Retiró finalmente la boca embravecida y aventuró allí los dedos con una exclamación de triunfo: no era el macho profanado, sino la diversidad, el cuerpo paradisíaco de Adán, antes de Eva; fascinado por el espectáculo de la trasmutación de los sexos (que son -es sabido- las almas primitivas) no abandonó la actividad de sus manos, trepó dejando caer su cuerpo a lo largo del otro.
Y armonizó los movimientos, dejando crecer el súbito sexo que había crecido en las profundidades del suyo. Sin quitarlo, colocó al otro ahora suavemente de espaldas, para engolosinarse, convirtiendo su boca en un pequeño claustro materno.

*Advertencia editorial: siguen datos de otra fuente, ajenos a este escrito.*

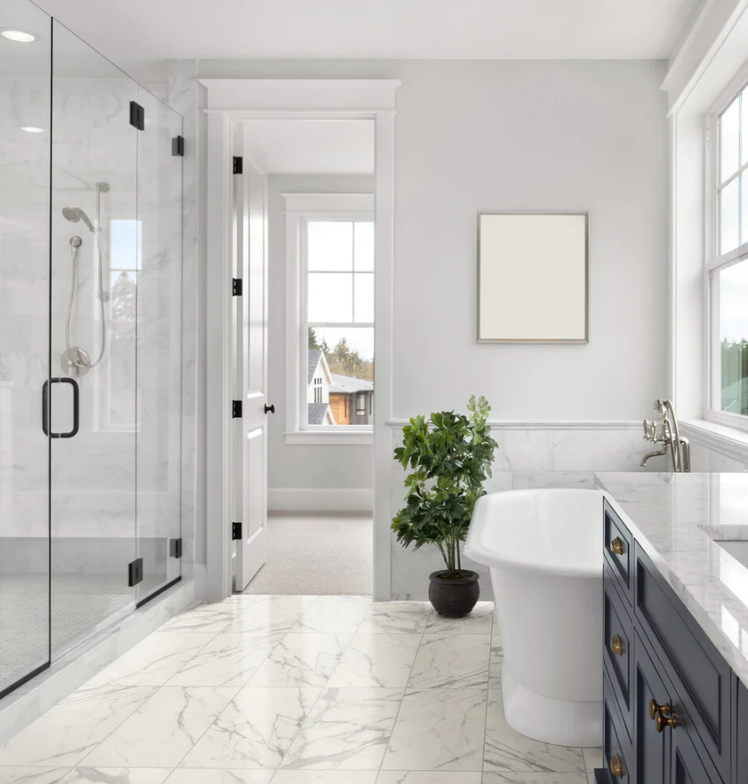 I448 DB Calacatta Cool Matte B Grade 12"x24" Porcelain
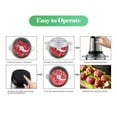 thumbnail image 3 of 2L Mincer Electric Multi Chopper with 2 Speed Levels Household Silent Automatic Meat Grinder for Meat Onions Fruit Vegetables, 3 of 7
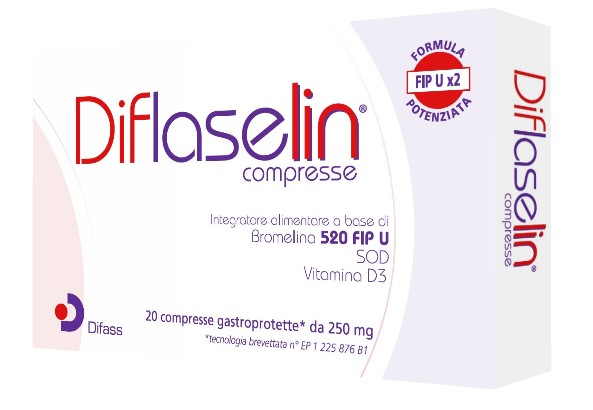 DIFLASELIN 20 COMPRESSE GASTROPROTETTE 250 MG - latuafarmacia.org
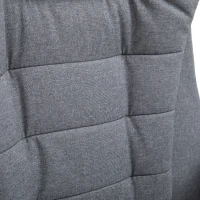 Vinsetto Adjustable Reclining Heating Massage Office Chair Linen Fabric - Grey(m-18)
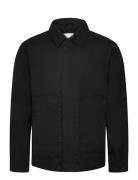 Garment Project Waxed Cotton Worker - Black Svart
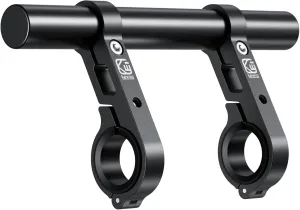 BRCOVAN Aluminum Alloy Handlebar Extensions for Bicycle & Motorcycle, Bike Handlebar Extender with Double Mounting Clamp Bracket, Fit for Round Rails 0.87'' / 1'' / 1.125'' / 1.26'' in Diameter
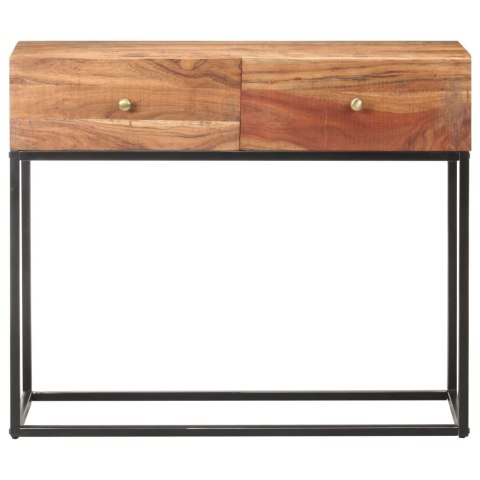 STOLIK KONSOLA 90X35X75CM SUROWE DREWNO AKACJOWE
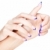 hands with blue french manicure stock photo © zastavkin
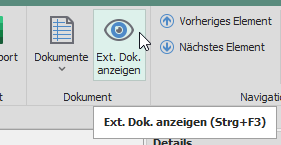 Abbildung 37: Externes Dokument anzeigen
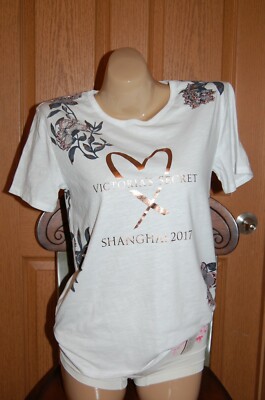 Victoria's Secret supermodel fashion show tee 2017 M NEW Shanghai
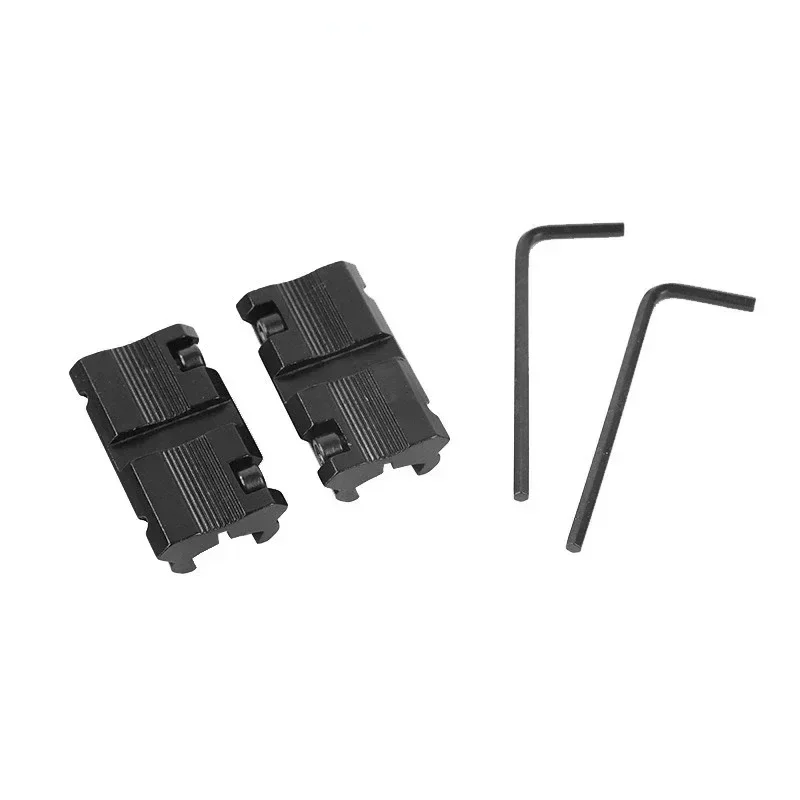 Rifle Scope Mount Rifle Scope Mount Ring Scope Mount Adapter Scope Riser Mount Picatinny Rail Accessories Rail Adapter Threaded Adapter 2pcs Low Profile Converter 11mm to 20mm / 22mm Scope Ring Mount Adapter For Dovetail Weaver Picatinny Rail Hunting Accessory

Lamió de abajo hacia arriba, como si pintara; recorrió el cuello en redondo, mordiendo quedamente la cornisa, hasta llegar al otro cráter y explorarlo ahora con su lengua milagrosamente reducida. Llenándose la boca, inició el último tercio de la fiesta. Mordía con su paladar, llegando hasta el confín de la garganta; hasta que su boca se anegó y un gusto tibio y almendrado golpeó sus dientes que había cerrado para que no pudieran escapar los filtros.

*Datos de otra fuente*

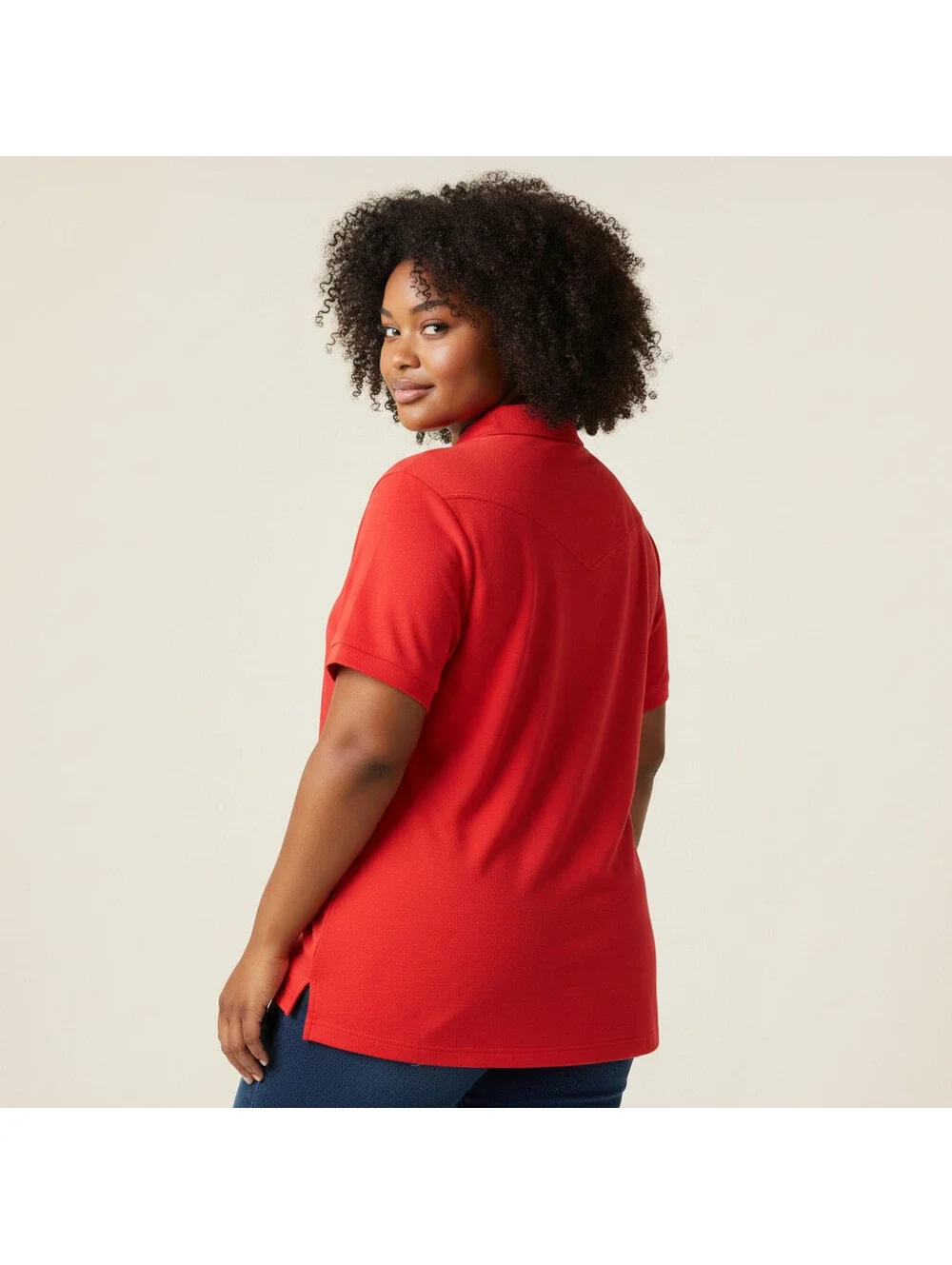 Nike Activewear Polo Shirt Women 2XL Red Button Collared Short Sleeve Dri Fit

Luego la paz y dos manos que la llevaban hacia arriba para besarla, intercambiando los últimos jugos de la fiesta. Después ella se sentó sobre su sexo, para que él pudiera penetrarla. Y comenzó a moverse como si la brisa la empujara a bailar la oscura danza de Ishtar; el movimiento la obligaba a sonreír, a mover la cabeza siguiendo un poco los compases del baile; hasta que, tocada por el demonio babilónico, juntó los brazos y los levantó, haciendo saltar los pechos hacia adelante; cerró los ojos, y sonrió desde los perfiles del éxtasis, liberando la suerte de sus hermanas.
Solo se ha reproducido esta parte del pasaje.